Revamp Jar Labels in Honor of National Honey Month
September is a banner month for a number of different industries and causes. According to Holiday Insights, the ninth month of the year is a time to safeguard the youngest members of the population (Baby Safety Month), cheer on those who are growing up way too fast (Little League Month), have some fun on the dance floor (International Square Dancing Month) and become better people (Self Improvement Month). It's also National Honey Month, which is a great thing for honey-makers to showcase on their jar labels.
What's the Buzz About Honey? Offer Insight Using Food Labels
Beyond the (admittedly very cool) fact that honey comes from nectar and is produced by bees, most people don't know a lot about this humectant, so why not include some information about the product on food labels? First question: What's a humectant? As the National Honey Board's Honey.com website explained, humectants are compounds that not only minimize moisture loss but actively attract moisture as well. To put it another way, honey isn't only great for sweetening tea or spreading on toast - it's also a powerful beauty ingredient that makes skin glow. What's more, its soothing properties make it an effective remedy for coughs and sore throats.
Use Honey Jar Labels to Highlight Product Varietals
Did you know there are more than 300 varieties of honey available in the United States? Honey-makers that offer multiple types should be sure to indicate which is which on their honey jar labels. According to the National Honey Board, you can tell some kinds apart from their color: Light-colored honeys tend to have a mild flavor, while their darker equivalents have a stronger taste. The varietals are made using nectar sourced from a range of flowers and plants, including avocado blossoms, eucalyptus, sage and tulip poplar. Many have different applications - for instance, Sourwood honey makes a mean glaze, while you can often find orange blossom honey in baked goods like cookies and cakes.

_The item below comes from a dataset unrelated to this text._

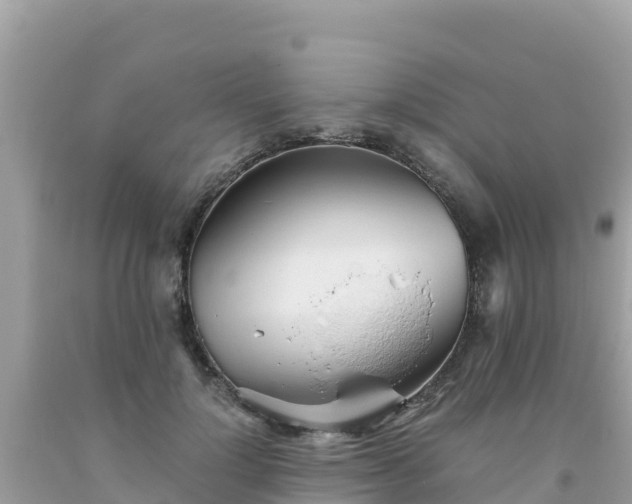 X0000093770748200710231312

Warning: Crystallization! Include Storage Instructions on Honey Labels
Honey is best stored at room temperature. As the National Honey Board explained, putting it in the fridge speeds up the crystallization process. While crystallization doesn't lead to spoilage or indicate low quality, nobody wants to eat crunchy honey. Consumers can avoid crystallization by storing honey in a pantry or simply leaving it out on the countertop, but they may not necessarily know that they need to do so, which is where honey labels come in. As well as detailing information about the product's manufacturer, its varietal, its nutritional benefits and the like, labels on containers of honey should also include storage instructions and advice about what to do if the honey crystallizes (heat up the jar until the crystals dissolve). Crystallization is a harmless, reversible process, but consumers who don't know what it is may end up throwing away perfectly good honey - and denying themselves the associated health and beauty benefits in the process.